Students are advised to develop a deep learning-based framework for identification of human activity in public as well as restricted environment and if any unusual activity(s) is in existence then model pass the information to respective authority. The size of deep learning model is huge in nature so by using the meta-heuristic approach, first we make it compatible with IoT-enabled camera and deploy for continuous monitoring to the specific region. The collected data is also uploaded on cloud for future reference. Whenever, any non-favourable events are there the intelligent device(s) communicate with the public administration and local police to control the situation without too much loss.
Essential Knowledge:
- Good in python
- Good in developing the convolution neural network
- Strong concepts in deep learning
- Must have in depth knowledge in any meta-heuristic approach i.e., genetic algorithm
Tentative Solution:
Following steps may be followed to complete the above project.

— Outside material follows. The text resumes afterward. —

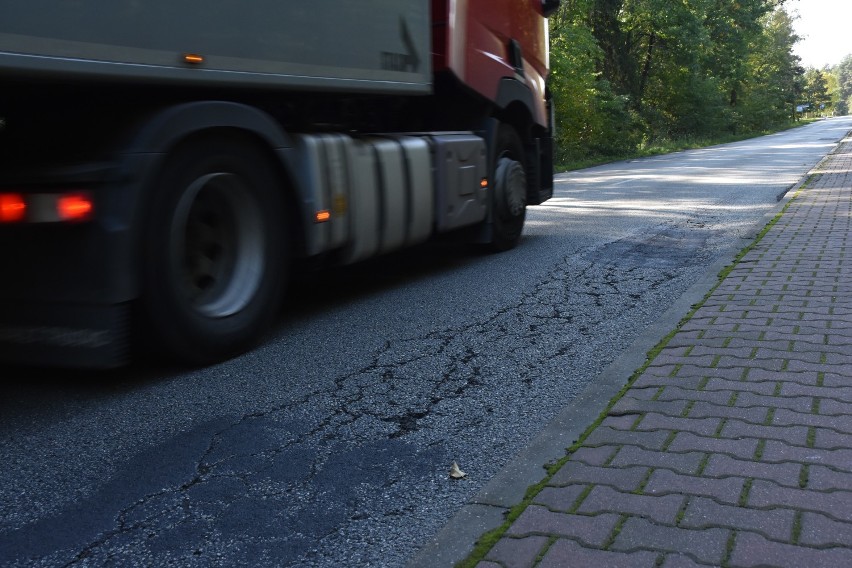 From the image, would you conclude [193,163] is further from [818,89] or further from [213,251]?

- Download the leaf disease dataset from https://ieee-dataport.org/documents/chu-surveillance-violence-detection-dataset
- Train a deep learning model on the dataset.
- Apply the meta-heuristic approach for eliminating the useless hidden layer or unit. For more details about the compression process may read the article at https://link.springer.com/article/10.1007/s12652-022-03793-1.
- Train the compressed model for some epoch on same dataset.
- Test the performance of model ensuring that there is no drop in the performance evaluation metric.
EduVeri+: A Block-chain based solution for validation and verification of educational degree certificates
Blockchain is a system of recording information in a way that makes it difficult or impossible to change, hack, or cheat the system. Nowadays, blockchain has been paid enormous attention due to its vast use in different areas i.e., CRM, Healthcare, finance, digital currency etc. The major advantage of blockchain is that once information uploaded in the blockchain then it is impossible to change or manipulate the data. Moreover, as blockchain does not allow anyone to manipulate/change/modify the stored information so, we can use blockchain to validate and verify the degree certificates.
In India, 1000+ universities are there and approx. 40 million students are registered in these universities under the various courses. The proposed framework minimizes the burden of govt./private officials who actively involved in the verification of degree certificate demanded by other organization. To minimize the burden of verification, all the data related to degree is uploaded on the blockchain using an interface. When a student successfully completes the course a QR code is generated and this QR code is added in the degree certificate. Anyone can verify and validate the degree certificate by scanning the QR code. As the data is uploaded on blockchain so, there is no chance to manipulate/modify/change in the data. Similar kind of project is on high demand so that we can minimize the cases of fake degree certificate.
Essential Knowledge:
- Good in programming using Java Script, GO or any programming language which is used in blockchain
- Good in developing the blockchain
- Strong concepts in blockchain
- Must have in depth knowledge in smart contract, web development, hyper ledger.